• SOURCE MATERIAL:
=== Begin Enclosure ===

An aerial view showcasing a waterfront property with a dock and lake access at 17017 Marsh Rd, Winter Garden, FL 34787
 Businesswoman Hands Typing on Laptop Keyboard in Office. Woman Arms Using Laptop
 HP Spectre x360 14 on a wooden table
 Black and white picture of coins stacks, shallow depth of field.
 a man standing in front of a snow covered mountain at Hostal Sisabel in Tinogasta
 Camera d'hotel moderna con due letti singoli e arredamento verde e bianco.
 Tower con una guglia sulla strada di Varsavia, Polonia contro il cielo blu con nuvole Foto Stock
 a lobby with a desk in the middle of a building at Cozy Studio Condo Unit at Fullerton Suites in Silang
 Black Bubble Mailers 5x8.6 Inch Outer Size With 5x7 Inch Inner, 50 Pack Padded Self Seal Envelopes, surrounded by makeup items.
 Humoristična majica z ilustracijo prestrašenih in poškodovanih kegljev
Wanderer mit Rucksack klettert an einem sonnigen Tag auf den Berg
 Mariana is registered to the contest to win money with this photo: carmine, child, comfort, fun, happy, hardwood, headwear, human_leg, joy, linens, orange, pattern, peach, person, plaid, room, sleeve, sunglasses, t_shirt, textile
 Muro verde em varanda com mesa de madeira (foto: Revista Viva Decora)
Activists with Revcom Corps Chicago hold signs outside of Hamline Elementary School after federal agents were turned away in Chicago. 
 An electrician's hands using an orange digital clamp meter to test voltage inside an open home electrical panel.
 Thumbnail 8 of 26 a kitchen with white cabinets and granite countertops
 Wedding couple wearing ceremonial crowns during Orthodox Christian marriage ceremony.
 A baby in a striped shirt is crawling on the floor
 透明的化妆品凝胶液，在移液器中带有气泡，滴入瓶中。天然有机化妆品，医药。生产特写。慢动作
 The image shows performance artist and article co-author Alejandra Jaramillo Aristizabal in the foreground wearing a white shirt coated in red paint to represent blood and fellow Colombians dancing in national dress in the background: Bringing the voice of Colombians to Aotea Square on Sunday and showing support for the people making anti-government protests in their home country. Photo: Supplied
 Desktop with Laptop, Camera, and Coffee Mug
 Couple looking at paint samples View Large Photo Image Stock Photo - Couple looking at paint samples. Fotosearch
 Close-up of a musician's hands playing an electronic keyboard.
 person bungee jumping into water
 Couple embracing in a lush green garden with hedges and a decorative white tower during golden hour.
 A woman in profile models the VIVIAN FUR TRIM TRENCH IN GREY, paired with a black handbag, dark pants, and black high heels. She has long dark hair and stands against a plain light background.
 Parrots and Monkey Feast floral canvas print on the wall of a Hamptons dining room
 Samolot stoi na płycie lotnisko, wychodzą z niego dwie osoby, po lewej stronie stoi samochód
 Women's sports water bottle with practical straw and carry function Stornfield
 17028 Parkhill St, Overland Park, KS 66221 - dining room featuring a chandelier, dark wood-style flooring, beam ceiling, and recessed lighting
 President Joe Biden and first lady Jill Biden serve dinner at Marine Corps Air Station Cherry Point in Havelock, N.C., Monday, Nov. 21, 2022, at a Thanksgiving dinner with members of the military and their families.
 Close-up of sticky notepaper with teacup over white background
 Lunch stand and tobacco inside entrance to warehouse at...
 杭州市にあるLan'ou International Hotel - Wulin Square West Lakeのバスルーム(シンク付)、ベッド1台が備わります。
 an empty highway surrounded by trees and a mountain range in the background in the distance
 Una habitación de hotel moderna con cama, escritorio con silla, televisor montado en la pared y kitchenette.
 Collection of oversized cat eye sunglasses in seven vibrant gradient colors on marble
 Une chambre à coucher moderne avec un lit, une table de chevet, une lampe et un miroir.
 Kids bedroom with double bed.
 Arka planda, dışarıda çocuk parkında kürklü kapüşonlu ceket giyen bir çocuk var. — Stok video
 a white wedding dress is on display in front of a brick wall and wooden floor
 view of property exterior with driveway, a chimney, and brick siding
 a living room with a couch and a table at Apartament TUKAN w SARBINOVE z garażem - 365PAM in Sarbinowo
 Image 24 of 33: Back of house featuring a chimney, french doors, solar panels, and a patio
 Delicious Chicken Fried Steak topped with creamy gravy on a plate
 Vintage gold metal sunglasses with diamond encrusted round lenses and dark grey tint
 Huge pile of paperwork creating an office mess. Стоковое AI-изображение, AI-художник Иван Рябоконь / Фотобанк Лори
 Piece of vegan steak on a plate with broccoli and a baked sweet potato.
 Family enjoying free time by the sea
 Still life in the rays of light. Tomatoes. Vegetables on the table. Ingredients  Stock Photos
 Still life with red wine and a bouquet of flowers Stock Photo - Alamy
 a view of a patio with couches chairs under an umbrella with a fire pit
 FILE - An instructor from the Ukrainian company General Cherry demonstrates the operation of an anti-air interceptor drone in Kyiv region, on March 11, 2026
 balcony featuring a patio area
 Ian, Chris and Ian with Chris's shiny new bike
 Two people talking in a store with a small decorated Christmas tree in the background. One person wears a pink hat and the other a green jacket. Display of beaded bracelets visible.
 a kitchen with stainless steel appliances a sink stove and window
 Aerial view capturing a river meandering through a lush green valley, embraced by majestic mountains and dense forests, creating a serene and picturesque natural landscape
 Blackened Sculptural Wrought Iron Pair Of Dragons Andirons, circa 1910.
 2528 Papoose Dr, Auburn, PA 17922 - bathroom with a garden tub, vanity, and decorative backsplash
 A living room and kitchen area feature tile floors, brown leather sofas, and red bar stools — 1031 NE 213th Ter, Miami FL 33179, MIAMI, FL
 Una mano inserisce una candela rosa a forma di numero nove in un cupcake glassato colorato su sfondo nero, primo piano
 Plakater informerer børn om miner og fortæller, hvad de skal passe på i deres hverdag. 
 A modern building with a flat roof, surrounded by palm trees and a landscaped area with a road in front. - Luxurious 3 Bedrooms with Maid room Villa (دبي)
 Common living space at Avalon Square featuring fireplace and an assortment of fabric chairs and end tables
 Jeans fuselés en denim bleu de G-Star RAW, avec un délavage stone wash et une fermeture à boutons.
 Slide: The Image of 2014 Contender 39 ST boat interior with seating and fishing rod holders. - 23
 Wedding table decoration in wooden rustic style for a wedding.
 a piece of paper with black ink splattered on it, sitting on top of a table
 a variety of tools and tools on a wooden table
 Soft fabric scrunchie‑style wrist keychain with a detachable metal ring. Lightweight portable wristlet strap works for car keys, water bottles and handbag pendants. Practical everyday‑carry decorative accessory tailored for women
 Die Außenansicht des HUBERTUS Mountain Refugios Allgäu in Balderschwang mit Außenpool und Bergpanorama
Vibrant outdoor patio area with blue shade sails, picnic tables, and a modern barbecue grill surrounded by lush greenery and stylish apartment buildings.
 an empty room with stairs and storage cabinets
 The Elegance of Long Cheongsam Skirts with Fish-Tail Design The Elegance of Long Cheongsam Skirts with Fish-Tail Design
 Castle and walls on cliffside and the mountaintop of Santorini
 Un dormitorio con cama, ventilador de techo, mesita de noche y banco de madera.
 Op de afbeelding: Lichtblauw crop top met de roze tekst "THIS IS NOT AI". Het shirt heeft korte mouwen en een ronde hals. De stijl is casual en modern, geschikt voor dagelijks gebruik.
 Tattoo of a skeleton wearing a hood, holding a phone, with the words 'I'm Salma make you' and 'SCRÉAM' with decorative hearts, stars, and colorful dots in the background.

=== End Enclosure ===

• TASK ITEM: Check each line above for the string "property" and copy every line that has it.

• SOLUTION TO THE EXERCISE:
An aerial view showcasing a waterfront property with a dock and lake access at 17017 Marsh Rd, Winter Garden, FL 34787
 view of property exterior with driveway, a chimney, and brick siding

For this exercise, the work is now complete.